Solitary Confinement for Incarcerated Adults

For many years, the Maryland Department of Public Safety and Correctional Services (DPSCS) refused to give out information about how much solitary confinement (prolonged isolation) is used in state prisons. 

During the legislative session of 2016, IAHR along with its coalition partners introduced a bill that would mandate DPSCS to report on the use of solitary confinement.  According to the bill the Department had to report the following statistics:

  • The total facility population;
  • The number of individuals held in restrictive housing, by age, race, and ethnicity;
  • The number of persons with serious mental illness held in restrictive housing;
  • The definition of serious mental illness used by the Department of Public Safety and Correctional Services;
  • The number of prisoners known to be pregnant who were held in restrictive housing;
  • The average and median lengths of stay in restrictive housing;
  • The reasons for which individuals were placed in restrictive housing;
  • The number of incidents of death, self-harm, and attempts at self-harm by individuals held in restrictive housing;
  • The number of individuals released from restrictive housing directly to the community;
  • Any additional information that is important to understanding the facility’s use of restrictive housing; and
  • Any changes to the Department of Public Safety and Correctional Service’s policies regarding the use of restrictive housing.

The bill passed and was signed into law at the end of May 2016. 

DPSCS has published two reports which come out during the first week of January. These reports have revealed that Maryland places into solitary confinement 50% of its prison population. The average length of stay was anywhere from 43 to 51 days. Over the past three years 837 people have been released to the community directly from solitary. Over 600 people with serious mental illness have been placed in solitary between 2016 and 2018. To read the 2018 report, click here. 

Maryland is an abuser of solitary confinement. That 50% of its prison population are in solitary at least once a year is a sign of a lack of control and a lack of programs for the incarcerated. 

During the 2019 Maryland legislative session, IAHR along with its coalition partners introduced two bills to limit the use of solitary.

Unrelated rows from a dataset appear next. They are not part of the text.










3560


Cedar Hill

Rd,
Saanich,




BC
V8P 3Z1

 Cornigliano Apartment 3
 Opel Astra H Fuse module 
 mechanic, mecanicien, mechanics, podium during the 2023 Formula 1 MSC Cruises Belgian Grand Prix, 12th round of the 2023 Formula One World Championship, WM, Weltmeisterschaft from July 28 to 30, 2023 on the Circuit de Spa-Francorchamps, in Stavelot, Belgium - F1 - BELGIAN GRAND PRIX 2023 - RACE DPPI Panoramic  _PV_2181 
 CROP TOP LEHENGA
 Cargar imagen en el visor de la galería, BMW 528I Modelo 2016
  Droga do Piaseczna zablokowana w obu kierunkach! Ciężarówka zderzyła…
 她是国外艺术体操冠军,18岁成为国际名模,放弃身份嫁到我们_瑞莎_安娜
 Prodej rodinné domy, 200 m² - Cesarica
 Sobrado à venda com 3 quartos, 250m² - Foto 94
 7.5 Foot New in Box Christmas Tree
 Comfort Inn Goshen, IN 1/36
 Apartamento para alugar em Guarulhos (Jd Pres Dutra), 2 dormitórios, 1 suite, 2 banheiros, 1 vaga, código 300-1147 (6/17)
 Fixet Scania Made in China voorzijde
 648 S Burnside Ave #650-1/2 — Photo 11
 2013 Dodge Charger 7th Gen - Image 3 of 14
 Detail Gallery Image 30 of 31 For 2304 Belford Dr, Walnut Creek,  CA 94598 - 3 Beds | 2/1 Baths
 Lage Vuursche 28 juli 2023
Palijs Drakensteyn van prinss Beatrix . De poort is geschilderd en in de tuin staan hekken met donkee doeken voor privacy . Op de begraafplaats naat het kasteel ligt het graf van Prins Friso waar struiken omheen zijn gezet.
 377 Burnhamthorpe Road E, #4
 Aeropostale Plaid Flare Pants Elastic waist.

HB 1029 limited the amount of time a seriously mentally ill person could be placed in solitary to 15 consecutive days.  This bill gained little traction and was never considered in either the Senate or the House of Delegates.

HB 1002 prohibited the direct release to the community of incarcerated people directly from solitary.  It called for the Department to provide transitional services to within six months of release to the community.  This bill was amended in the House of Delegates and was brought to the Senate Judicial Proceedings Committee.  However, the Judicial Proceedings Committee failed to take a vote on the bill before the close of the legislative session on April 8.

IAHR and its coalition partners plan to bring back both bills in the 2020 legislative session.  

Juvenile Detentions in Maryland

As a result of national media coverage which highlighted the isolation and confinement of Maryland juveniles in local jails, IAHR has joined with partners to seek out alternatives for these youth which will provide programming and alternative housing. 

During the 2019 legislative session, HB 1001 was passed which prohibits placing minors into restrictive housing (solitary confinement or segregation) unless there is clear and convincing evidence that the incarcerated minor poses an immediate threat to the safety and security of inmates and staff.